May all time fav Christmas Cake is on my website but here is the next best for a summer Christmas:

NZ Ice Cream Christmas Pudding (unbaked!)

1/2 cup sultanas
1/2 cup currants
1/2 cup raisins
1/4 cup figs, finely chopped
1/2 cup brandy
1 cup red cherries
1 cup green cherries
1/2 cup dried apricots, chopped
50g dark chocolate, chopped
1/2 cup sliced almonds, toasted
2 litres vanilla ice cream, softened

Combine fruits and soak in the brandy for 12-24 hours. Stir occasionally.
Mix strained fruit, chocolate, almonds and ice cream together.
Line a large pudding basin with plastic wrap so that it hangs well over the sides. Spoon mixture in and smooth the surface and cover with the overhang wrap. Freeze until firm. Enjoy.... :p


----------



## kitchenelf (Nov 11, 2002)

OK, I need some help here.  I thought sultanas and raisins were the same thing.  This recipe sounds great but I have a hard time eating the red and green cherries.  I know how they are made and just can't bring myself to eat them.

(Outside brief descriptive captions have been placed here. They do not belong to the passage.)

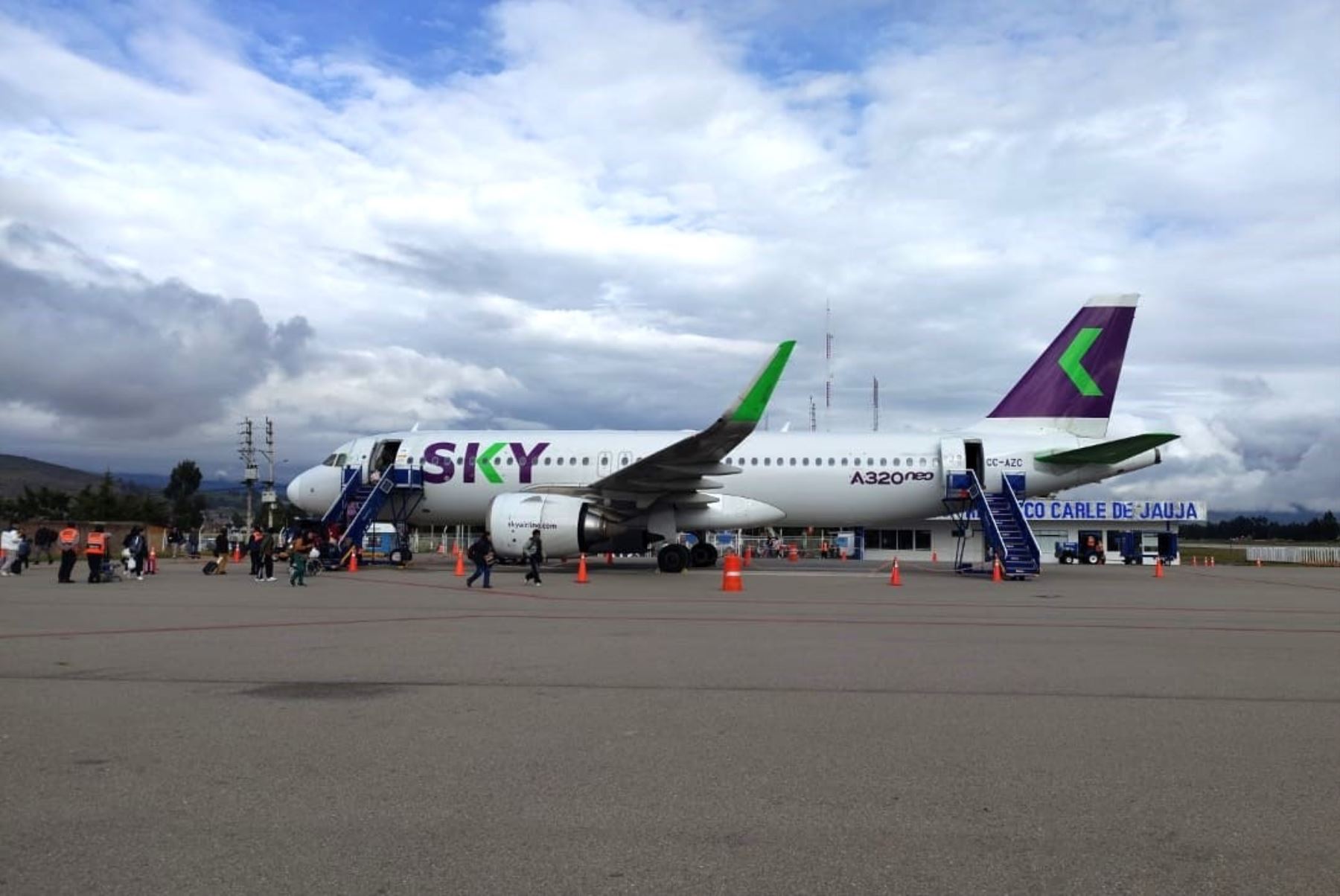 Con un vuelo de la compañía Sky Airlines, con más de 140 pasajeros, esta mañana se reanudó los vuelos en el aeropuerto de Jauja, informó Córpac. ANDINA/Difusión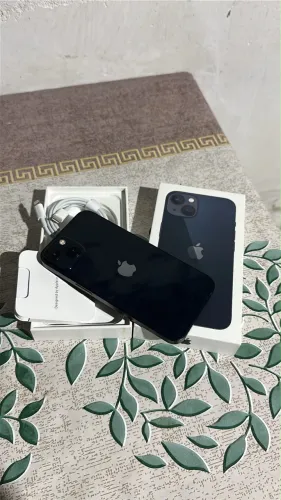 iPhone 13 semi novo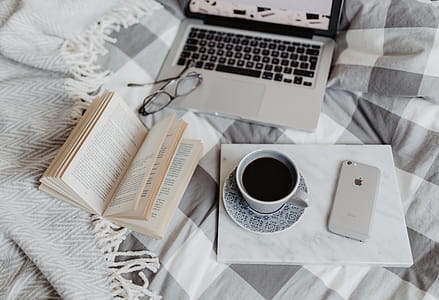 Everything you need to work from your bed thumbnail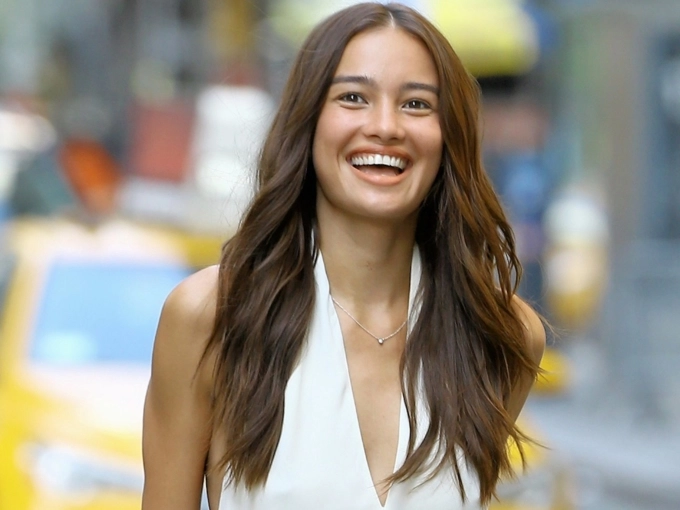 Gặp gỡ kelsey merritt người mẫu philippines đầu tiên được sải bước trên sân khấu vicorias secret - 1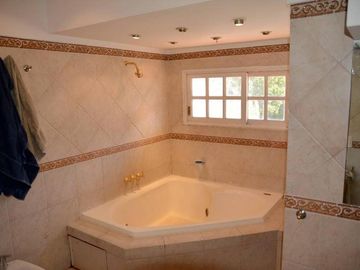 Duplex con pileta climatizada · 128m² · 4 Ambientes · 1 Cochera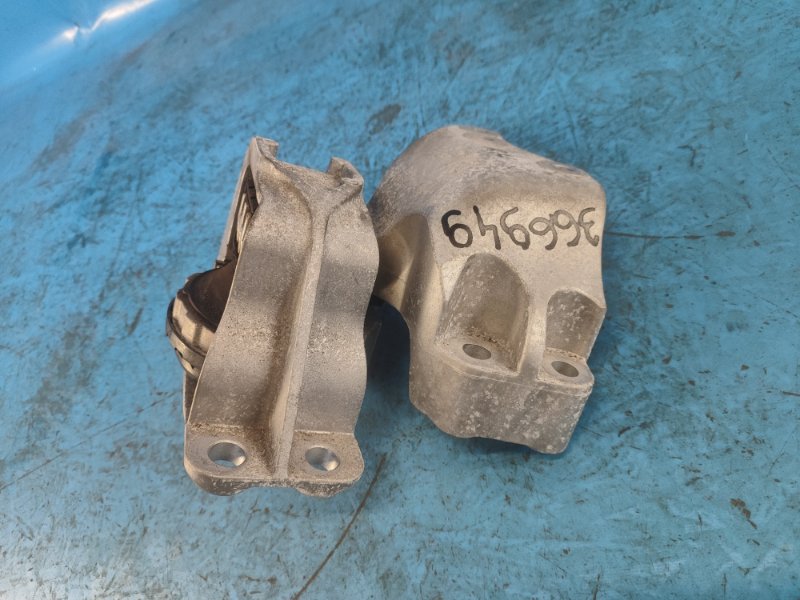 Upper engine mount NISSAN X-TRAIL/ROGUE T33 20- 2021 Right.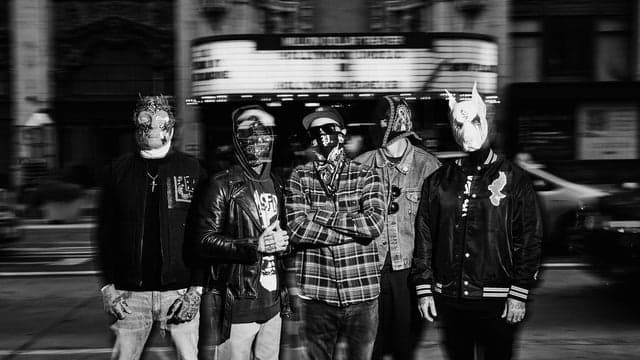 Photograph of Hollywood Undead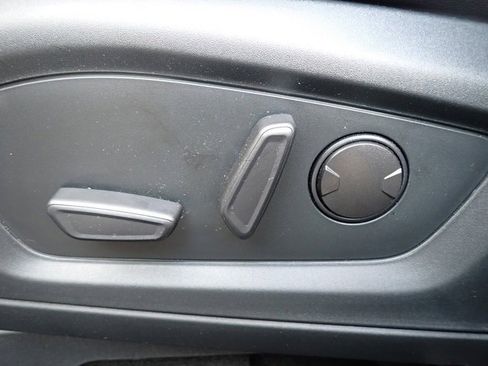 Certified 2022 Ford Explorer XLT w/ Equipment Group 202A image 24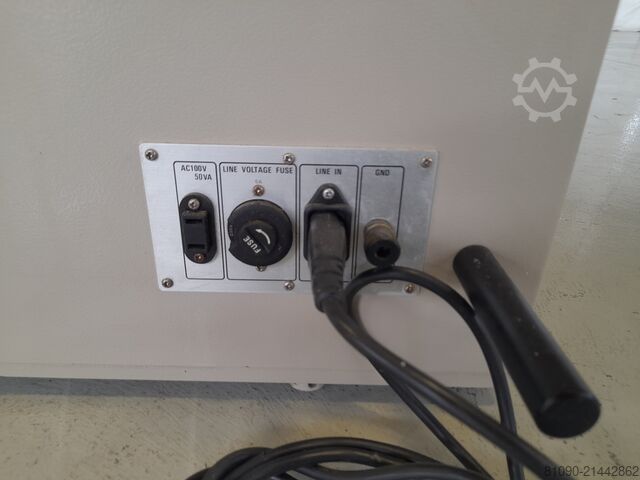 Projektor profilu MITUTOYO PJ-300H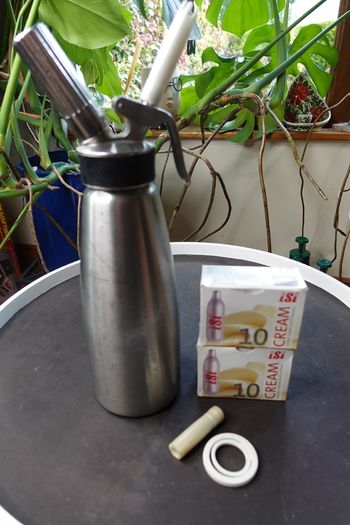 ISI 1l Stainless Steel Whipped Cream Dispenser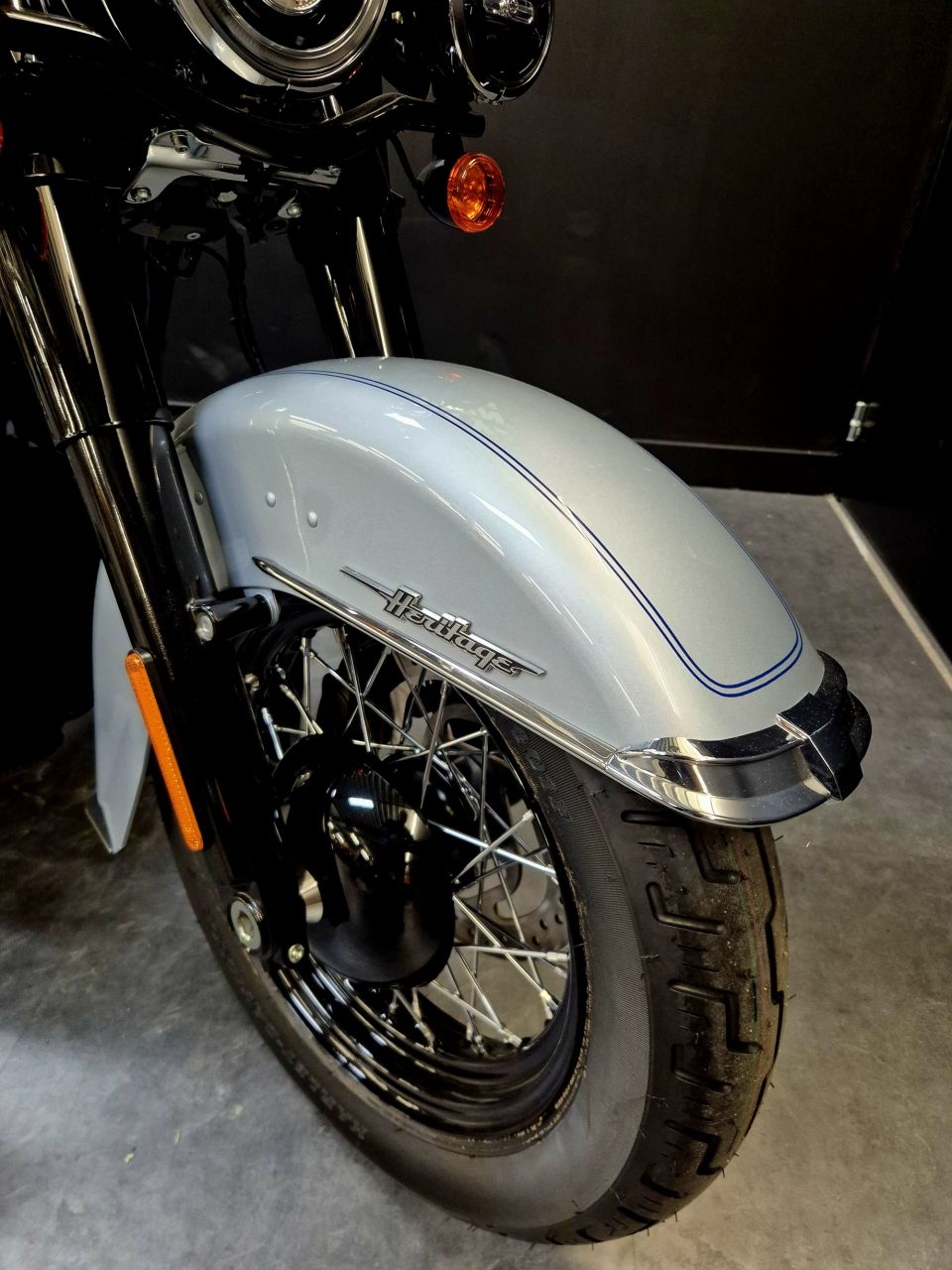 HARLEY-DAVIDSON SOFTAIL HERITAGE 1868 4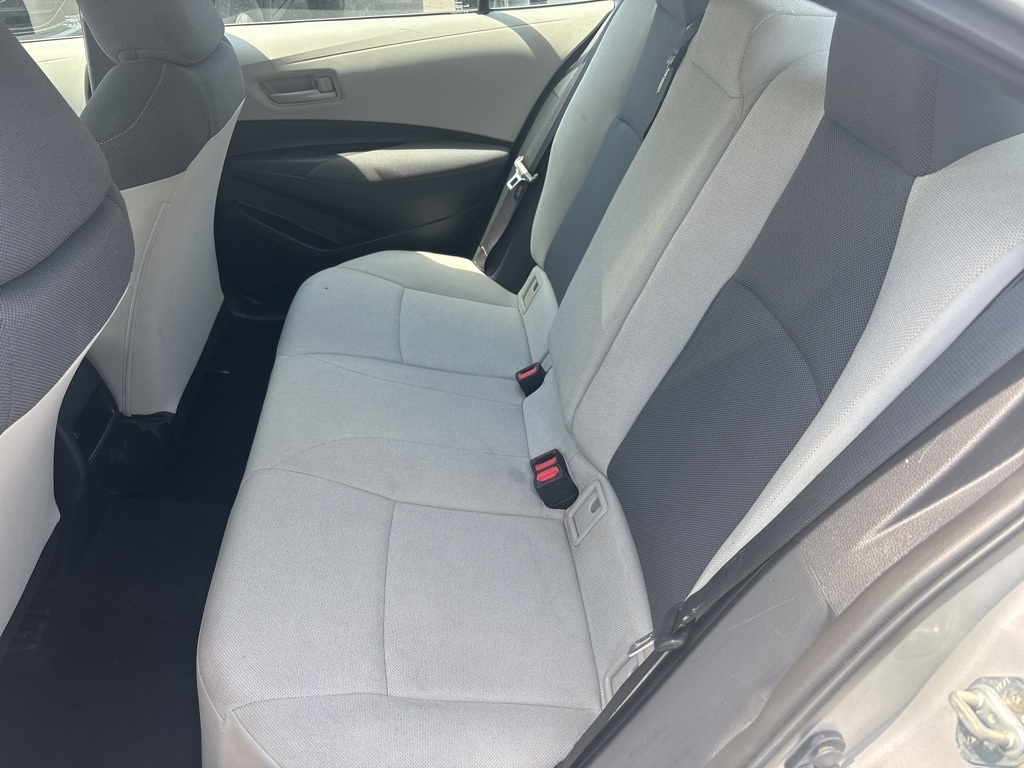 2022 Toyota Corolla L photo 10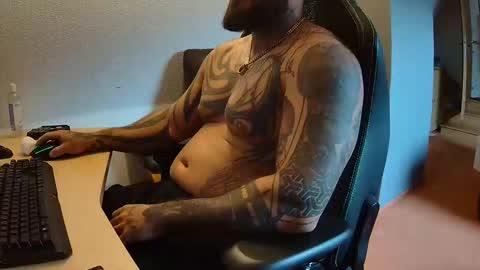 19andre90 online show from September 11, 8:37 am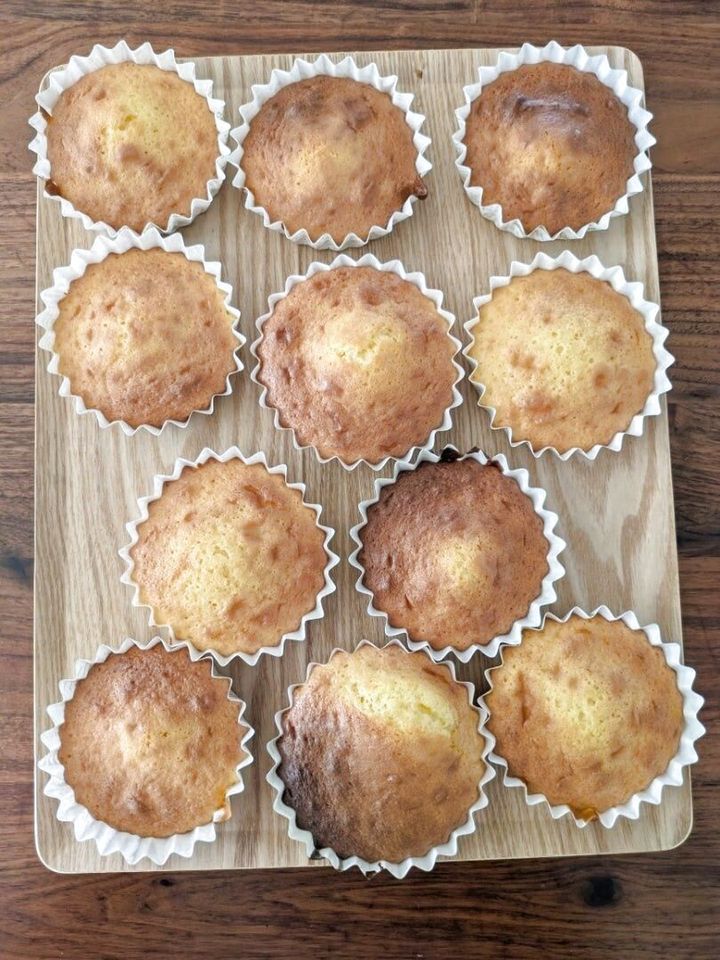 【簡単レシピ】混ぜて焼くだけ！マドレーヌ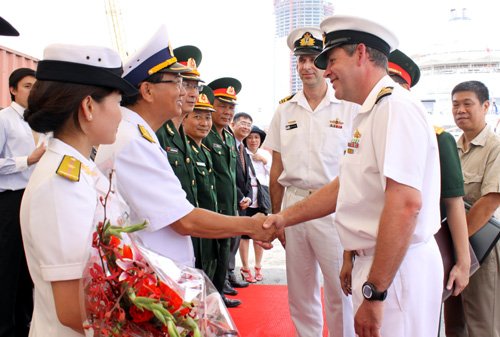 មេបញ្ជាការកងទ័ពជើងទឹកនូវែលហ្យេឡង់មកទស្សកិច្ចនិងធ្វើការងារនៅវៀតណាម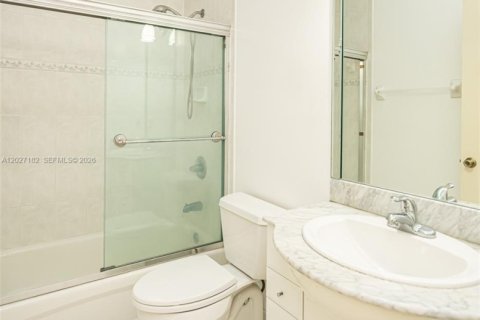 Casa en venta en Miami Lakes, Florida, 4 dormitorios, 207.26 m2 № 2169962 - foto 22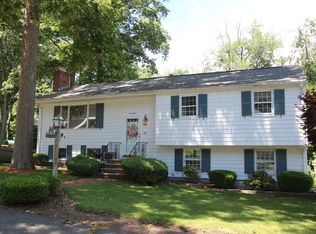 17 Reynolds Rd, Wakefield, MA 01880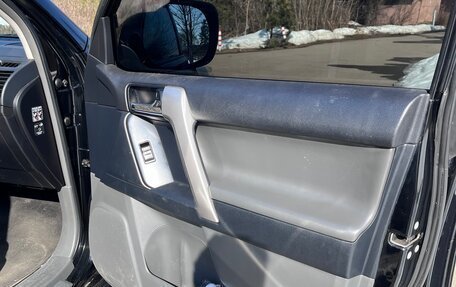 Toyota Land Cruiser Prado 150 рестайлинг 2, 2011 год, 2 500 000 рублей, 13 фотография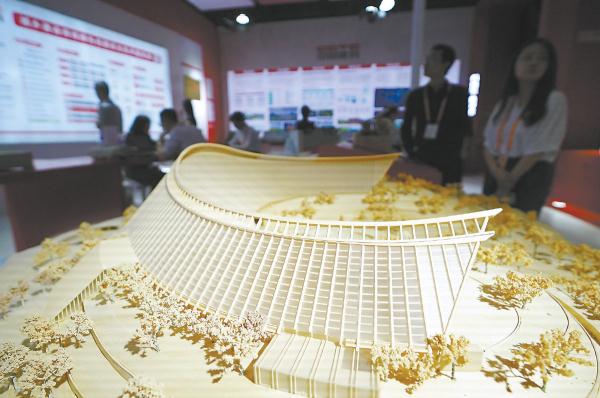 中國建設科技集團股份有限公司展區陳列的綠色建築模型。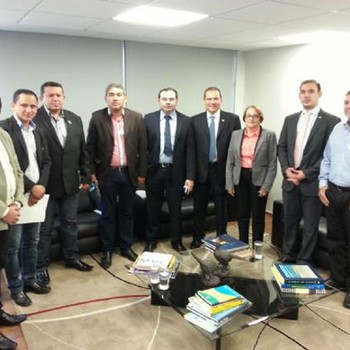 Prefeitos, parlamentares e presidente do FNDE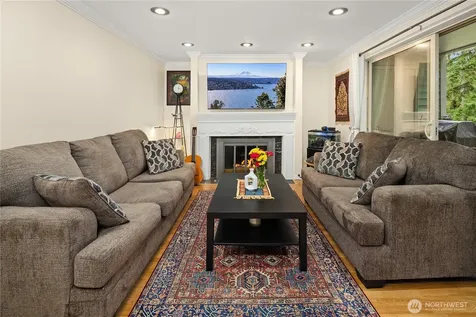 4727 W Lake Sammamish Parkway SE Issaquah WA 98027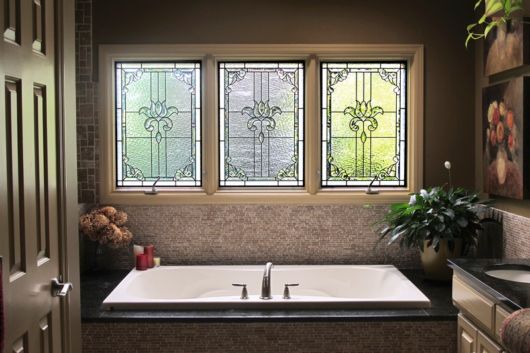 Ideia linda para decorar o banheiro com janelas de vidro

LOL

And figs - that fruit is truly a gift from God.  We'll have to call this an American 4th of July Pudding though.  I know I can't get figs anywhere here - unless you mean dried figs?


----------



## Instantkiwi (Nov 15, 2002)

*Figs, sultanas & raisins!!!*

Raisins are dried red grapes and bigger than sultanas which are the smaller white variety (correct me if I'm wrong) and dried figs is what I meant!!! We do get fresh here though I haven't used them in recipes.


----------



## kitchenelf (Nov 16, 2002)

Thanks for the clarification Instantkiwi.  I sure hope you weren't talking to me when you said "correct me if I'm wrong!!!"  

Now, I could suffer through the red and green cherries just to get to the brandy :p 

This sounds similar to the brandied fruit that you could keep and then give some away and keep adding to it and keep it going for a very long time.  But you only served that over ice cream.  This recipe of yours sounds really interesting with the addition of chocolate and almonds, along with freezing it.


----------